Northrop Grumman is the prime contractor for the B-2, the flagship in the Air Force's arsenal of long range strike aircraft.
Under the new approach, known as Performance-Based Logistics (PBL), Northrop Grumman's product support team is measured by its ability to meet B-2 aircraft combat readiness requirements specified by the Air Force. PBL eliminates the traditional, transaction-oriented approach to weapon system support that requires a prime contractor to perform specific tasks, purchase spare parts, and conduct maintenance on a specified schedule.
Under PBL, Northrop Grumman will determine the types and quantities of support services -- hardware sustaining engineering, supply chain management, software maintenance, programmed depot maintenance, etc. -- needed to satisfy the Air Force's B-2 requirements.
"Performance-Based Logistics gives the contractor more flexibility to do what's needed to meet the government's system performance requirements," said Gary Roehrig, director of PBL for Northrop Grumman's B-2 program. "Our contract consolidates multiple funding sources dedicated to specific support activities into just three accounts. This framework allows us to address the most critical B-2 availability issues quickly and cost-effectively."
According to Roehrig, the more efficient PBL approach is also essential at a time when Air Force operations and maintenance budgets are continually under pressure. The B-2 entered the DoD inventory officially in 1993. The final aircraft in the fleet of 21 bombers was delivered in 2000.
Northrop Grumman's PBL contract builds on a longstanding successful B-2 related collaboration between the company and the Air Force called the Total Systems Support Partnership (TSSP). Under that agreement, established in 2002, Northrop Grumman and Air Force personnel worked closely to simplify the processes used to identify and deliver consumable spare parts to the B-2 fleet, resulting in improved combat readiness at a reduced cost.
As a result of the success of the Air Force and Northrop Grumman on the TSSP program, the B-2 program was selected to participate in a PBL pilot program conducted in 2005 by the U.S. Department of Defense. Motivated by DoD's Management Initiative Decision (MID) 917, the program included six DoD weapon systems and was designed to test the financial, contracting and budgeting tenets of PBL.
The B-2 Spirit stealth bomber is the most survivable aircraft in the world.
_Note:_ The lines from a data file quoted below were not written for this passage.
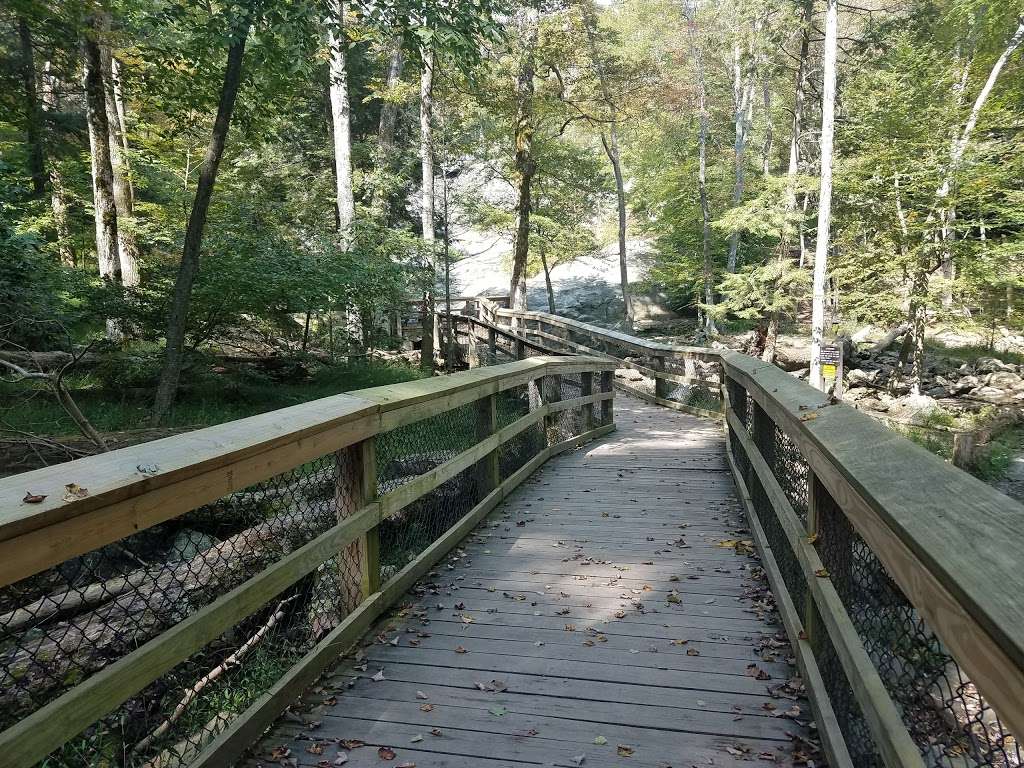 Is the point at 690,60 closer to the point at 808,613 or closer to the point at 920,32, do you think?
the point at 920,32

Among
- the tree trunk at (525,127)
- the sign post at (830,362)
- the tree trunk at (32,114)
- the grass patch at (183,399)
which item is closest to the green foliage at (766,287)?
the sign post at (830,362)

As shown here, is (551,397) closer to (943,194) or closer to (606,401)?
(606,401)

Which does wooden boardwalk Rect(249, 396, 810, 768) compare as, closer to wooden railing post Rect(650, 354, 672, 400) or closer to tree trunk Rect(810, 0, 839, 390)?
wooden railing post Rect(650, 354, 672, 400)

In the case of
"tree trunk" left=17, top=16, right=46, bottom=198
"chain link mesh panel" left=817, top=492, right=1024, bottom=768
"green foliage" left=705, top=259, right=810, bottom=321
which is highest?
"tree trunk" left=17, top=16, right=46, bottom=198

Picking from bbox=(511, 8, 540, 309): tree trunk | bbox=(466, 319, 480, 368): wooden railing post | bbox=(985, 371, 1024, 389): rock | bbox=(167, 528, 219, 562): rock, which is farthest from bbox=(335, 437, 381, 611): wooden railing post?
bbox=(985, 371, 1024, 389): rock

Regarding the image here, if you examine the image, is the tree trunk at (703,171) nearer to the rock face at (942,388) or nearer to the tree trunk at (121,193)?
the rock face at (942,388)

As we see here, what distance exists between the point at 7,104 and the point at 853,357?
21.1 metres

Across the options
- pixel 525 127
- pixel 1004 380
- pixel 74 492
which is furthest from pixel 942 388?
pixel 74 492

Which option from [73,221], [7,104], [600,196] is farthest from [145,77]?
[600,196]

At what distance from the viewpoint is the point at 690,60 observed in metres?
25.3

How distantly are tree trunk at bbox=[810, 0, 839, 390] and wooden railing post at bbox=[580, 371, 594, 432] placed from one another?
7.79 m

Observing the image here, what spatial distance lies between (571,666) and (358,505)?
3.84 ft

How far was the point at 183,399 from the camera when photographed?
9117mm

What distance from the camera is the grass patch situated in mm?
7344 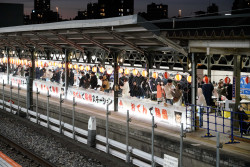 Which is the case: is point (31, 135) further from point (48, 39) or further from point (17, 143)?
point (48, 39)

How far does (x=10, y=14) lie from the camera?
41594mm

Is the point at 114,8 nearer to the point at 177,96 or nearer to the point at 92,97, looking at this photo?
the point at 92,97

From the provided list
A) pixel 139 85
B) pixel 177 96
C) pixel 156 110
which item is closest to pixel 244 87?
pixel 177 96

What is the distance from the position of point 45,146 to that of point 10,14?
108 ft

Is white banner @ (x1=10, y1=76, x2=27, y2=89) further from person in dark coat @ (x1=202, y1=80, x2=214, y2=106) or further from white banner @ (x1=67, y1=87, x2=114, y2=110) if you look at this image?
person in dark coat @ (x1=202, y1=80, x2=214, y2=106)

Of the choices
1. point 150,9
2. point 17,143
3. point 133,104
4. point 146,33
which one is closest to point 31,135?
point 17,143

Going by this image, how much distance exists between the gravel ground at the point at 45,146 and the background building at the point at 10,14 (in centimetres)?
2726

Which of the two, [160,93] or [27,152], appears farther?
[160,93]

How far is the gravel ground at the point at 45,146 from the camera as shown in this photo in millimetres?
10580

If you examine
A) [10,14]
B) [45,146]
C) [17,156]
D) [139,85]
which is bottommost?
[17,156]

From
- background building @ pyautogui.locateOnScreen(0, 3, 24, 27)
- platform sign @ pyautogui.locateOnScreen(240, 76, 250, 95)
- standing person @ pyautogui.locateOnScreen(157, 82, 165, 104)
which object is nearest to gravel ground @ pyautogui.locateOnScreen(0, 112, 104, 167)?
standing person @ pyautogui.locateOnScreen(157, 82, 165, 104)

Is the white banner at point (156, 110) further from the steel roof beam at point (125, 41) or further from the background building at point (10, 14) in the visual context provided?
the background building at point (10, 14)

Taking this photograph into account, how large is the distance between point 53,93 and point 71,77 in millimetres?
1708

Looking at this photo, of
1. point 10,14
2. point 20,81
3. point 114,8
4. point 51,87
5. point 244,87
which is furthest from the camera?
point 114,8
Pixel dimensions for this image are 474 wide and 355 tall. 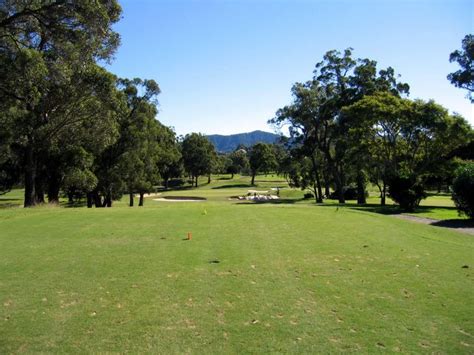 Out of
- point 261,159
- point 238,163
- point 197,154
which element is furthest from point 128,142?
point 238,163

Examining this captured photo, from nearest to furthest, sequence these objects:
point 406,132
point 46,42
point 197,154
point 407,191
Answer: point 46,42
point 407,191
point 406,132
point 197,154

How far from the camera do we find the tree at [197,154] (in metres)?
85.6

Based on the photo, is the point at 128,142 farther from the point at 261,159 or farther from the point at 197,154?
the point at 261,159

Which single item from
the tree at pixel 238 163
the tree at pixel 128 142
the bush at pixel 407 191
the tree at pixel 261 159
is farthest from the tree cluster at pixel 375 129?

It remains the only long-range, large-payload aircraft that can penetrate deeply into protected airspace. In concert with the Air Force's air superiority fleet, which provides airspace control, and the Air Force's tanker fleet, which enables global mobility, the B-2 helps ensure an effective U.S. response to threats anywhere in the world. It can fly more than 6,000 nautical miles unrefueled and more than 10,000 nautical miles with just one aerial refueling, giving it the ability to reach any point on the globe within hours.
Northrop Grumman is a $30 billion global defense and technology company whose 120,000 employees provide innovative systems, products, and solutions in information and services, electronics, aerospace and shipbuilding to government and commercial customers worldwide.